- >Jack Dorsey, Square Want to Build An Open-Source Crypto Wallet
Jack Dorsey, Square Want to Build An Open-Source Crypto Wallet
Jack Dorsey, the CEO of Square has been a long time supporter of Bitcoin. For a couple of years now, Jack’s own twitter bio contains only a single word; bitcoin. Within the Bitcoin world, Square is known for developing and building The Cash app. It just so happens to be one of the most popular Bitcoin applications in America.
Buying Bitcoin through the Cash App is a smooth and seamless experience. Because of this, Jack and Square’s app has gained a certain amount of loyalty within the Bitcoin community. They’re now going for bonus points by committing to creating an open-source hardware wallet for bitcoin.
Keegan Francis | Jun 9, 2021
It Would Be Open Source Just Like Bitcoin
There are really only a handful of open source hardware wallets, the Cobo Vault being one of them. Being open source comes with added benefits from establishing trust and transparency with customers. Bitcoiners, especially the maximalists out there, really appreciate open source products over anything else. This is because of the deep seeded mistrust in institutions and tech goliaths that have repeatedly violated the trust and privacy of their user base. In essence, open source is the product world’s manifestation of a core ethos of Bitcoin; Don’t trust, Verify.
Security vs. Useability
One of the banes of widespread cryptocurrency adoption is how difficult it is to use wallets. Much of the difficulty completely goes away when using custodial services such as exchanges. However, this means users are often trading useability for security. In the crypto world, it’s been historically difficult to do both. This is an area that requires meaningful, and thoughtful innovation to take place. If cryptocurrency is ever to take over the world, like so many of us want it to, we need to figure out how to marry useability with security.
This is precisely what Square has decided to focus on for their hardware wallet. Within the Twitter thread announcing the hardware wallet, Jack elaborated upon this exact point.
“Custody doesn’t have to be all-or-nothing,” he continued. “We can probably simplify custody through “assisted self-custody.” Assisted requires great product design: minimal setup time, relying on existing devices, and end-to-end reliability.”
Introducing Assisted Self Custody
It is likely that the crypto world will see a wave of innovation take place around assisted self custody products. Hexa wallet is one such wallet that has implemented similar features. They’ve made use of Bitcoin’s multisig functionality, and obscured the language around it. Private Keys and mnemonic phrases are now “recovery phrases” held by you and your “guardians”.
Here in 2021, it may be safe to say that wherever you are, one of your friends or family members is a Bitcoin or crypto fanatic. You will be able to make these people your guardians. This gives them the ability to assist you with wallet recovery, should you run into any trouble. This is a beautiful solution, as it allows you to pick your helper, without giving them full access to your wallet. It allows you to retain sole ownership over your keys, without the messy headache of writing down 12 word phrases.

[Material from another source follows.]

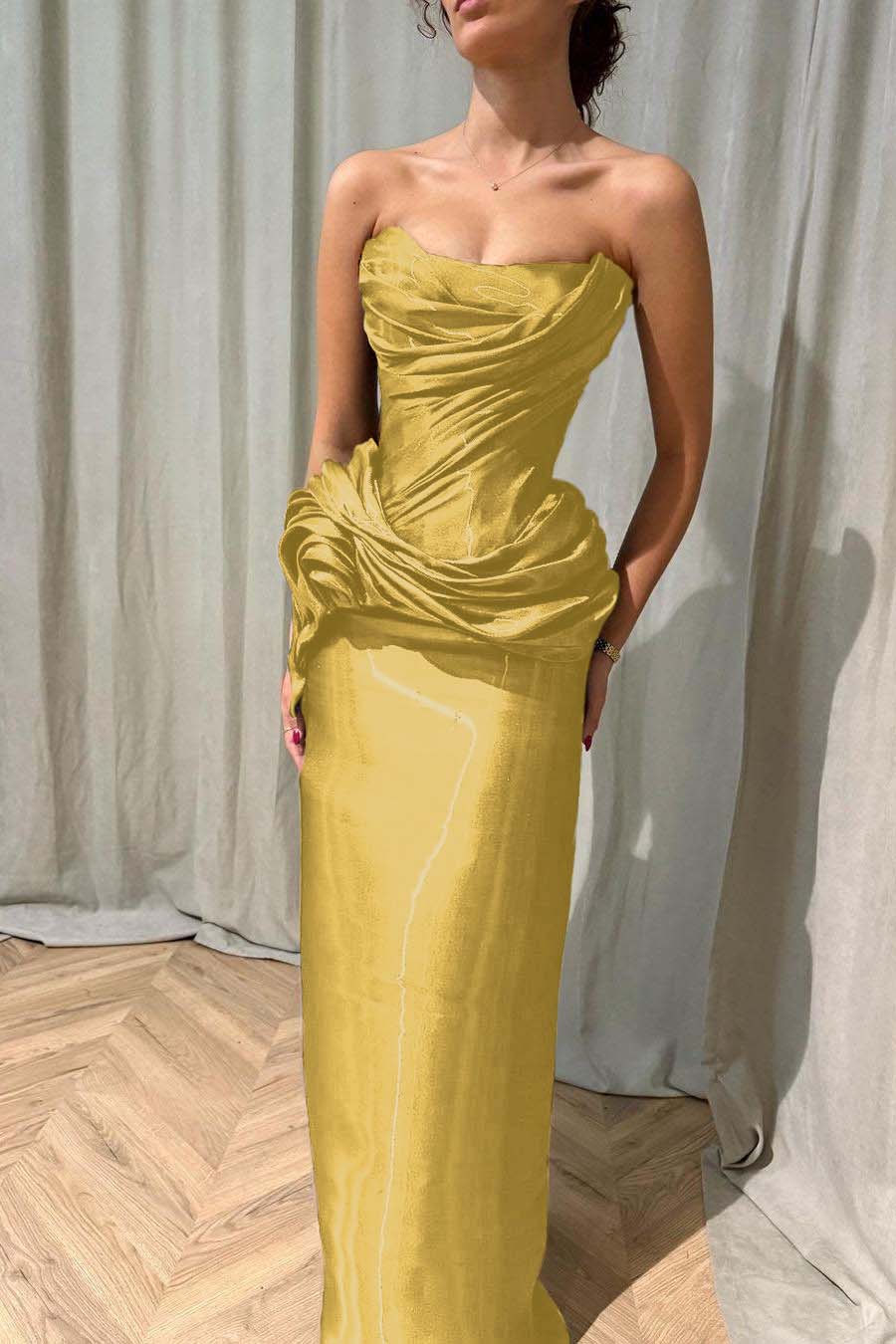 Glamorous Dark Navy Sleeveless Strapless Long Slim Prom Dress with Pleated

The Problems that Lie Ahead
While assisted self custody is a reasonable solution for Hexa Wallet, (a software wallet), new challenges present themself when implementing a similar schema on a hardware wallet.
The traditional implementation of a hardware wallet has been to store the private key for signing transactions. How exactly might this work when combined with the idea that other people hold part of the key? While the pathway forward is somewhat known, exactly what obstacles to overcome are still unknown.
Building With the Future in Mind
Jack stated outright that the wallet should be able to function independently of Square or Cash App. This ensures that the device is not reliant on the company, and thus protected in the event that Cash App, Square, or Jack himself is reprimanded from authorities.
A shutdown of any of these entities resulting in non-function hardware wallets would violate the tenet of decentralization.
Built to Interface with Layer-2 Scaling Solutions
Most Bitcoin hardware wallets are not compatible with the lightning network, or other layer-2 scaling solutions.
According to Jack, the ability to interface with various layer-2 solutions is essential for growth. This is not too hard to agree with, if you’ve ever sent a Bitcoin transaction, it takes 60 minutes, and costs you $5+. These high fees and wait times will no longer take Bitcoin to the level of global payment network and reserve currency status. Layer-2 is a must, and with that, must also come sophisticated, yet simple hardware wallet solutions.
Next Generation of Hardware Wallets
So there you have it, Jack Dorsey has officially introduced what the rest of the industry will soon recognize is the next generation of hardware wallets. That is, assisted custody, multi layer, open source, highly usable hardware wallets.
Friendly competition between this yet-to-be wallet and existing ones is always welcome. At the end of the day, competing products are supposed to make the whole space better. Ledger, Trezor, and Cobo all will need to keep tabs on Square and their project if they want to keep up with what is coming next.